## RAW DATA
* * *
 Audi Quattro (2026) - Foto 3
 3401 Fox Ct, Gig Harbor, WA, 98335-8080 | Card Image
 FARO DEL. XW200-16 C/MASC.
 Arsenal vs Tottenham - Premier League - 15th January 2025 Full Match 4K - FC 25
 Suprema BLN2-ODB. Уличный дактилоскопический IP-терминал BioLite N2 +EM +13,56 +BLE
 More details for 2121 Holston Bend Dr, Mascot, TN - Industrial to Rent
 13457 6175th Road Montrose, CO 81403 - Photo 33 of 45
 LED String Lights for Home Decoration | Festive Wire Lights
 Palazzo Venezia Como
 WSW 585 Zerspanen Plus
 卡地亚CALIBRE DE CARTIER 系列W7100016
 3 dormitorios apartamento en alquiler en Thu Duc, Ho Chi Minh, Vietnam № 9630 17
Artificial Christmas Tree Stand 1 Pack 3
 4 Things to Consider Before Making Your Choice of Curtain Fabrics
* * *
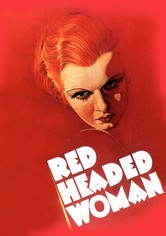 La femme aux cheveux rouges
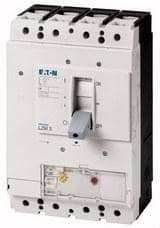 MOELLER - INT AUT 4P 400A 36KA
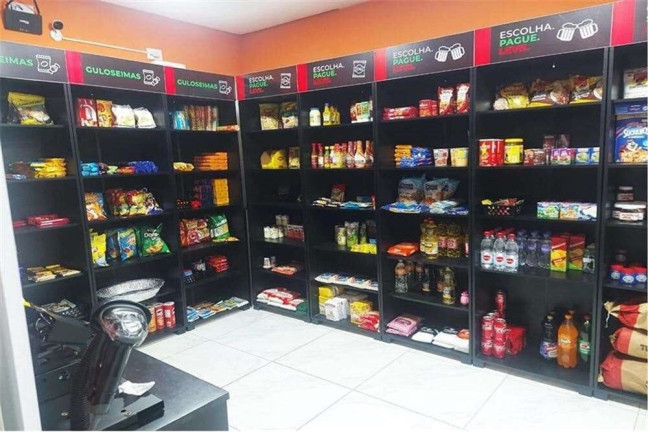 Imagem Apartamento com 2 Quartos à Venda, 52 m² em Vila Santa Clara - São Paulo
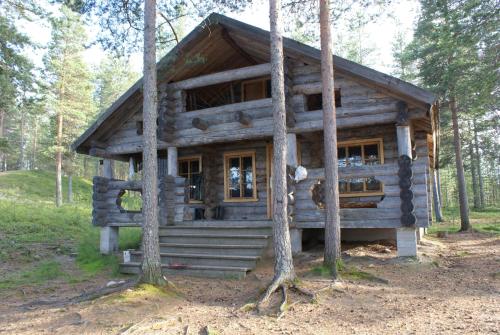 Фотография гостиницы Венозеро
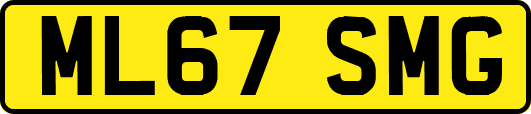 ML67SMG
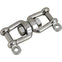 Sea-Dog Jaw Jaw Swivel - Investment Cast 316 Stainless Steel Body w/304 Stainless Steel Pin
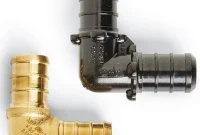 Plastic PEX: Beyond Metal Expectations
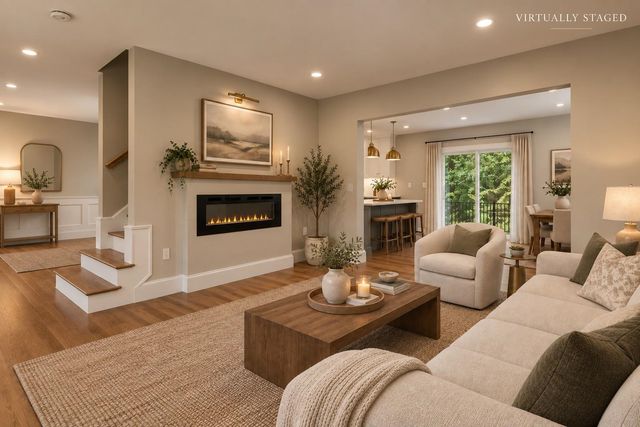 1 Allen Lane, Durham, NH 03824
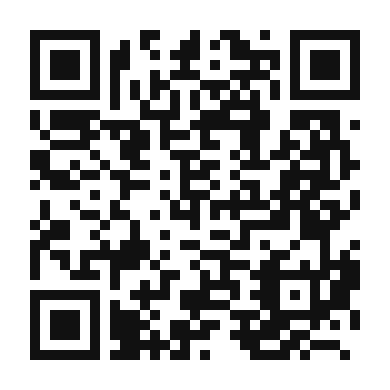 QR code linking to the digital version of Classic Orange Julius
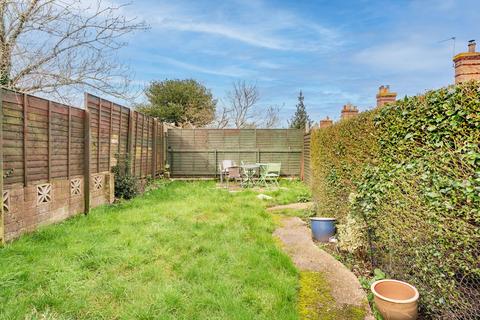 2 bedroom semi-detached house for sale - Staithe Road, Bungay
* * *
## ACTION ITEM
Look above for the line with "La femme aux cheveux rouges" and the line with "2 bedroom semi-detached", then copy exactly the lines from the first through the second, both kept, with no pictures.

## RESULT OF THE EXERCISE
 La femme aux cheveux rouges
 MOELLER - INT AUT 4P 400A 36KA
 Imagem Apartamento com 2 Quartos à Venda, 52 m² em Vila Santa Clara - São Paulo
 Фотография гостиницы Венозеро
 ML67SMG
 Sea-Dog Jaw Jaw Swivel - Investment Cast 316 Stainless Steel Body w/304 Stainless Steel Pin
 Plastic PEX: Beyond Metal Expectations
 1 Allen Lane, Durham, NH 03824
 QR code linking to the digital version of Classic Orange Julius
 2 bedroom semi-detached house for sale - Staithe Road, Bungay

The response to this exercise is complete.